**RAW DATA**.

--*--

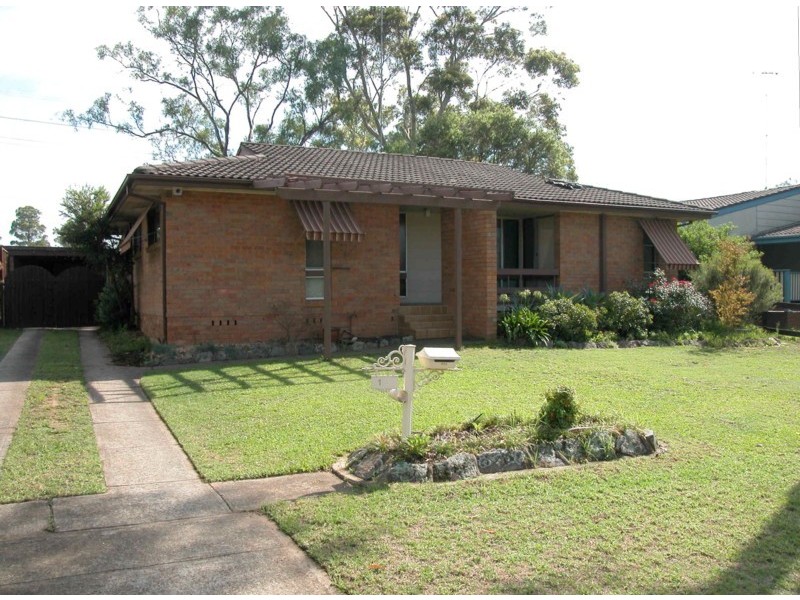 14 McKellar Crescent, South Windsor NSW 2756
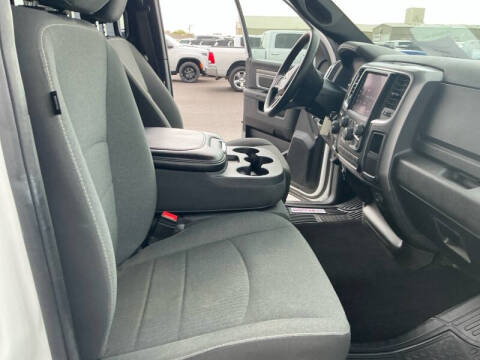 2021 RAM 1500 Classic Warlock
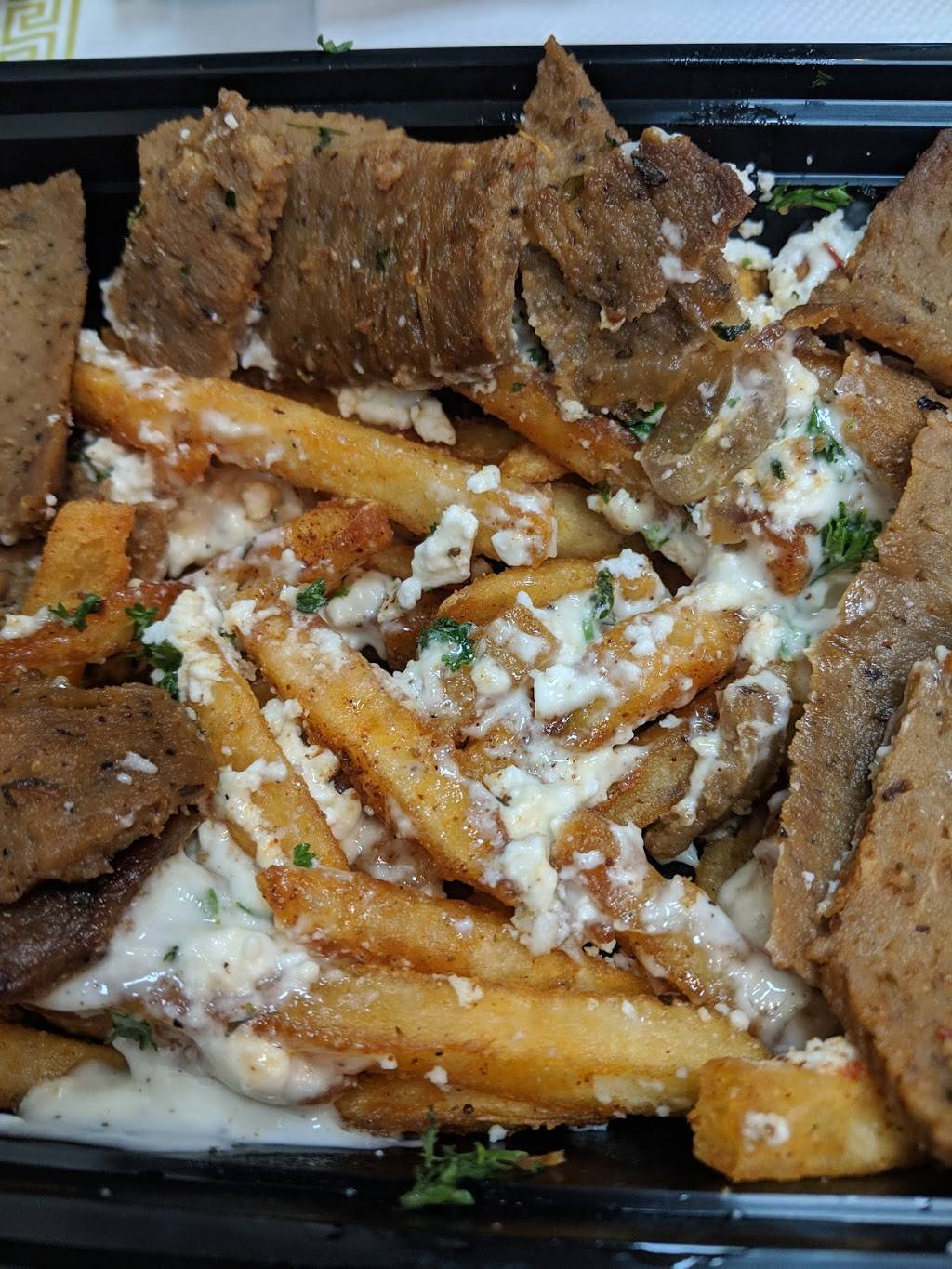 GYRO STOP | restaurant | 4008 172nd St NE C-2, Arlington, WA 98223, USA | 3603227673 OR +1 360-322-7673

--*--

**TASK STATEMENT**.
Give back an exact copy of the material above, omitting the pictures.

**ANSWER SECTION**.
 14 McKellar Crescent, South Windsor NSW 2756
 2021 RAM 1500 Classic Warlock
 GYRO STOP | restaurant | 4008 172nd St NE C-2, Arlington, WA 98223, USA | 3603227673 OR +1 360-322-7673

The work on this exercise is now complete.